When movies are mostly good, but still selling badly, then they have a right to complain. Till then, suck it up, MPAA. It's not like you can't afford a couple (thousand) sucktastic movies not selling.

Breaker
08-22-2003, 01:38 PM
Gigli did enough damage on its own. The movie was fucking terrible.

DarkPanther
08-22-2003, 01:46 PM
I heard it was so bad Justin and Kelly (http://us.imdb.com/Title?0339034) got up and walked out.

*ba-dum-tsssssssh*

SiliconHero
08-23-2003, 11:40 PM
I just love this quote from Danny Minton (KBTV-NBC) about the flick: "Gigli was so horrible, I had to cleanse my palate afterwards by watching Glitter."

Perhaps the music and movie industries wouldn't need to find scapegoats to disguise the fact that a lot of the products that are coming out in America nowadays just plain suck. Just ask Paramount Pictures, who are taking an "it's the video game's fault" approach to the poor gross of Tomb Raider: The Cradle of Life.

Cloral
08-24-2003, 02:44 AM
Its simply that nobody wants to take responsability for their own mistakes anymore. I'd just like for once to see one of these movie executives come forward and say that the movie was a flop because the script was bad and the acting was horrible.

bigjoe
08-24-2003, 03:04 AM
It makes about as much sense as Kellog's blaming their poor sales on the war in Iraq -_-

Nekui
08-24-2003, 03:12 AM
It's because most producers are mostly interested in making money, most could care less about art or quality film-making. I think they should be more accepting of film-makers with new and original ideas; no corporate think tanks.
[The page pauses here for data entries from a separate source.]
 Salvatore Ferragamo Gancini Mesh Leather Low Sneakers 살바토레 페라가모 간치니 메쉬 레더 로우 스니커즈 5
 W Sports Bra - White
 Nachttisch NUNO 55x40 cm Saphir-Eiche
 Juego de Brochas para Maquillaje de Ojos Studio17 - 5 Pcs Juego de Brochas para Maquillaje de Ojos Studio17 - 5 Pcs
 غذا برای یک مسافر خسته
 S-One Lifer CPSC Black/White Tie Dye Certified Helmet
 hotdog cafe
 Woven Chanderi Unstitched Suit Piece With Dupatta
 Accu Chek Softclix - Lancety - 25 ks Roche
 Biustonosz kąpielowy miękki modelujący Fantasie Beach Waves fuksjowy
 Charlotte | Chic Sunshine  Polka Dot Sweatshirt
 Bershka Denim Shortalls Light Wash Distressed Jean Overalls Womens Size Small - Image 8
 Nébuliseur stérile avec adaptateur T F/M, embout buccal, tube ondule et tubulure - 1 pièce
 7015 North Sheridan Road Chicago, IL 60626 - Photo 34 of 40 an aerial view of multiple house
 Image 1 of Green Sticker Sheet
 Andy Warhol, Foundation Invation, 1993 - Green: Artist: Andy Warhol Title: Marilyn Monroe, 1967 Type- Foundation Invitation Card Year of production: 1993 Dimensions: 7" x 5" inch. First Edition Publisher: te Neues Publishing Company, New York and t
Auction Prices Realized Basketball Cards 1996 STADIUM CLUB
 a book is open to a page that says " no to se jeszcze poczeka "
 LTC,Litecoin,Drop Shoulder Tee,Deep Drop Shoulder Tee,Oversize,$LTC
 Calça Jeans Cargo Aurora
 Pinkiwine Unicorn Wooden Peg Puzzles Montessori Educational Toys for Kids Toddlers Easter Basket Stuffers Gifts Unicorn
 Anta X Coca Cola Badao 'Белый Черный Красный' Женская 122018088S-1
By the way, I thought Hulk was a good movie, Ang Lee is a great film maker. :D

Michael Moore
08-24-2003, 03:20 AM
"Its turkey time"

lol, worst seduction line ever....

Jemsee
08-24-2003, 11:44 AM
..."You could buy your gross for the weekend and overcome bad word of mouth, because it took time to filter out into the general audience."

But those days are over, because the technology of hand-held text-message devices has drastically cut down the time it takes for movie-goers to tell their friends that a heavily promoted summer action movie is a waste of time and money.

So in truth even the movie executives know there products suck.
But they put a spin on it and put out propaganda
that it is the best knowing people will believe and trust what they see on TV.
They make their $ and on to the next piece of crap.
Could it be that people are just wising up and stop going to the same old thing, same old story, bad acting, and no plot movies?
If it is true, well hurrah for us for not being taken in by a bunch of crap producing morons from Hollywood.